Definition: An integer $n$ is throdd if $n=3k+1$ for some $k\in\Bbb Z$.
Proposition: For all integers $n$, if $n^2$ is throdd, then $n$ is throdd.
direct proof:
let $n$ be a particular but arbitrarily chosen throdd integer
then $n = 3k + 1$ for some $k \in \mathbb{Z}$
then $n^2 = (3k + 1)^2 = 9k^2 + 6k + 1 = 3(3k^2 + 2k) + 1$
$3k^2 + 2k$ is an integer by closure, $n^2$ meets the definition of threeven.
Wouldn't there be a counter example, or is there a way to prove it by contrapositive?
You can’t start by assuming that $n$ is throdd: that’s what you’re trying to prove, so any such argument would be circular. For a direct proof you should assume that $n^2$ is throdd, and for a proof of the contrapositive you should assume that $n$ is not throdd and try to prove that $n^2$ is not throdd. That looks more promising, so you might try it.

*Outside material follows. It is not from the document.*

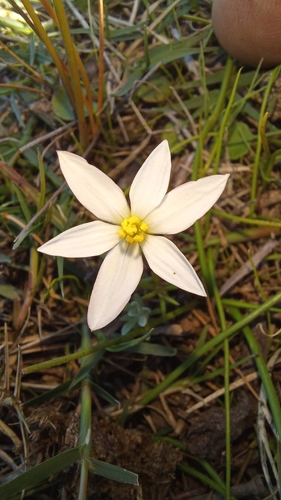 Pauridia aquatica (Pauridia aquatica)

If $n$ is not throdd, then $n$ is not $3k+1$ for any $k\in\Bbb Z$, and therefore either $n=3k$ for some $k\in\Bbb Z$, or $n=3k+2$ for some $k\in\Bbb Z$. If $n=3k$, then $n^2=(3k)^2=9k^2=3(3k^2)$, so $n^2$ is not throdd, just as we hoped to find.
Now investigate what happens if $n=3k+2$. Is $n^2$ always throdd? Never throdd? Sometimes throdd and sometimes not? If it’s never throdd, you’ve proved the proposition; in either of the other two cases you can find a counterexample to show that the proposition isn’t always true.